Supplied material Block Start

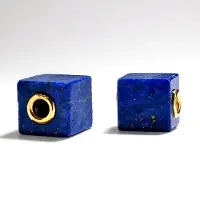 Cavill - Vergulde 925 Sterling Zilveren Hanger - 14 ct Afghaanse Lapis Lazuli Kubus 10x10 mm - Modern Geometrisch Blauw Sieraad MONOSONO COLLECTION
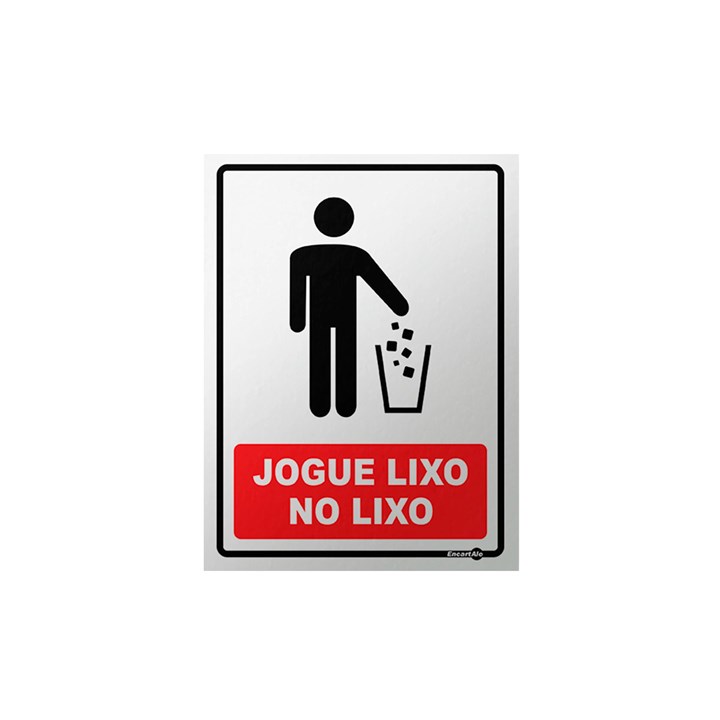 PLACA JOGUE LIXO NO LIXO PS15 0,80MM 15X20CM | Abrafer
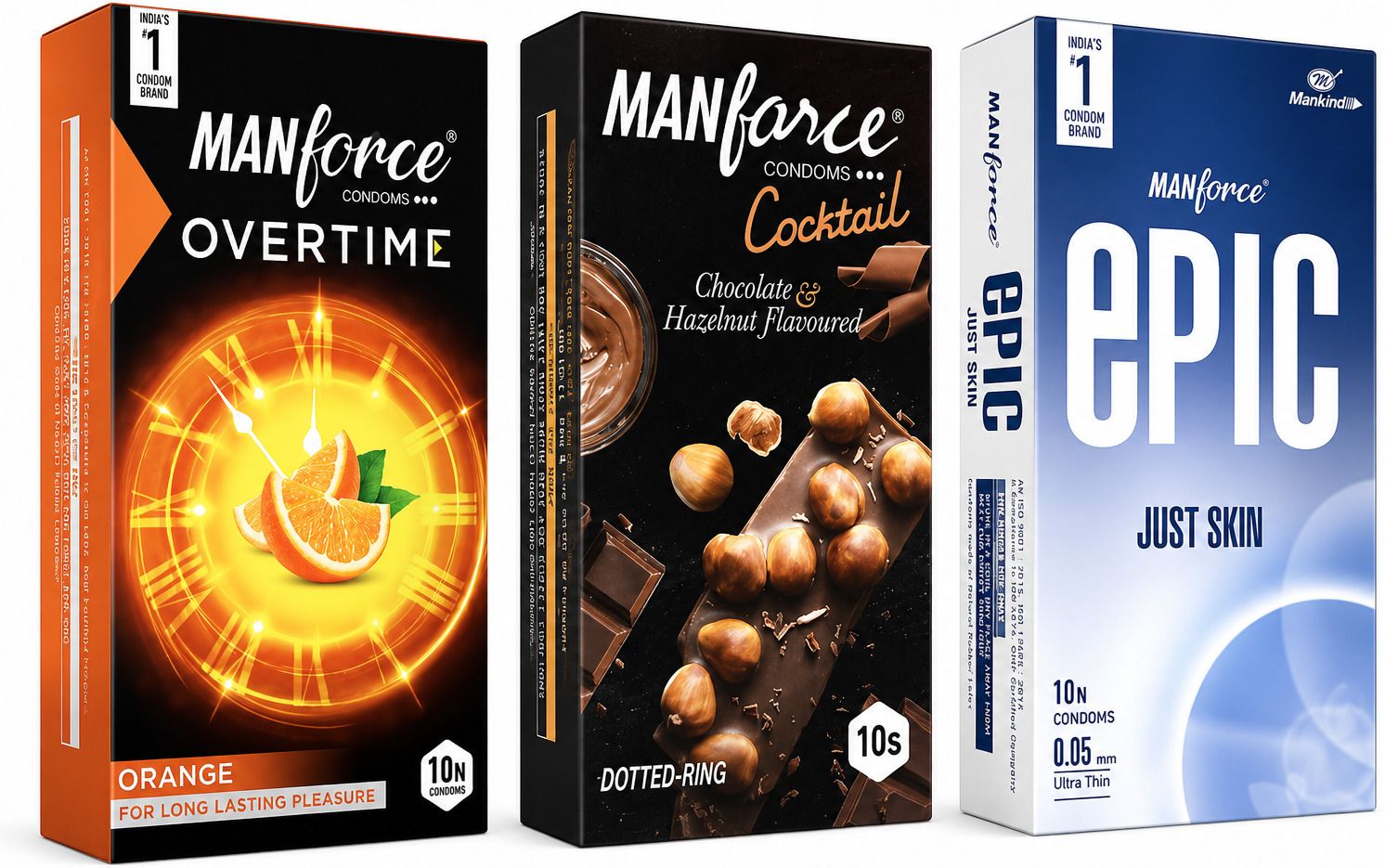 mankind Manforce Epic Just Skin , Cocktail Chocolate & Hazelnut , Orange Condom-picture-17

Supplied material Block End

Task
A word-for-word copy of the lines from the one with "PLACA JOGUE LIXO" through the last line of the data above is required, with both end lines included and no pictures.

Response
 PLACA JOGUE LIXO NO LIXO PS15 0,80MM 15X20CM | Abrafer
 mankind Manforce Epic Just Skin , Cocktail Chocolate & Hazelnut , Orange Condom-picture-17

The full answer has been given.